Hey guys I would like to intreduse you all to my new project the Daemon Prince of Tzeentch. I plan to do this guy on a scenic base. It will be a temple of Tzeentch which is summoned by the Daemon Lord around him. I want to give the whole model a feeling of Terror. There will be an ultramarine victim of change who approached the Daemon.

http://brovatar.blogspot.com/2012/07/unholy-temple.html



















Cheers,
Brovatar


----------



## Lethiathan (Nov 11, 2011)

Looking good Brovatar! One tip I would use is to change the tile position so the ones in front of him appear to be raising before him, and the ones behind him appear to be falling away! Just my two cents


----------



## Brovatar (Feb 21, 2012)

Got the tails done now time to go crazy on the DP hope to finish this bad boy really fast.

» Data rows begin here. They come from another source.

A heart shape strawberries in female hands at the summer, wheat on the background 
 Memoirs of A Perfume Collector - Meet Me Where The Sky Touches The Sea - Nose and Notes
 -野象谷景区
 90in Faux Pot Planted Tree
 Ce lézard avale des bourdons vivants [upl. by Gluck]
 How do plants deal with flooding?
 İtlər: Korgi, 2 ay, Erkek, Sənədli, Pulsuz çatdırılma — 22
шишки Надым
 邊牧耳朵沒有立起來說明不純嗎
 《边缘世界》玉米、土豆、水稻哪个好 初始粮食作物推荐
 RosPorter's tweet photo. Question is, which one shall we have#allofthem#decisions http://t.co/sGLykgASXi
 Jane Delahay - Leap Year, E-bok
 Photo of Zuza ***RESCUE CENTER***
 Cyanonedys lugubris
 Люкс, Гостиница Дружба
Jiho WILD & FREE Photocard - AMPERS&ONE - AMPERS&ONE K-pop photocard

http://brovatar.blogspot.com/2012/07/checker-board-checker-board.html



















Cheers,
Brovatar.


----------



## TattooedGreenMan (Nov 4, 2008)

Nice job. Very Tzeentchy. +rep from me.


----------



## Brovatar (Feb 21, 2012)

Finished hope you like him. He was a really joy for painting. I'm really happy about the whole atmosphere that the model creates. Tzeentchee tzneentchee...
Cmon link: http://www.coolminiornot.com/310904
You can also fin him on eBay but I'm not going to insert the link, don't want to brake the forum rules.

There are more pictures on the blog: http://brovatar.blogspot.com/2012/07/the-third-eye-of-tzeentch-is-open.html























































If you like what i did here you can always follow me on Facebook to receive new updates on my minis.
Cheers,
Brovatar.


----------



## Midge913 (Oct 21, 2010)

nice conversion work and excellent paint job as usual. Wonderful splicing of parts.


----------



## Brovatar (Feb 21, 2012)

A closeup of the Marine.










Cheers,
Brovatar.


----------



## Grins1878 (May 10, 2010)

Loving this! Especially like the faces coming out of the UM's stomach! Great work!


----------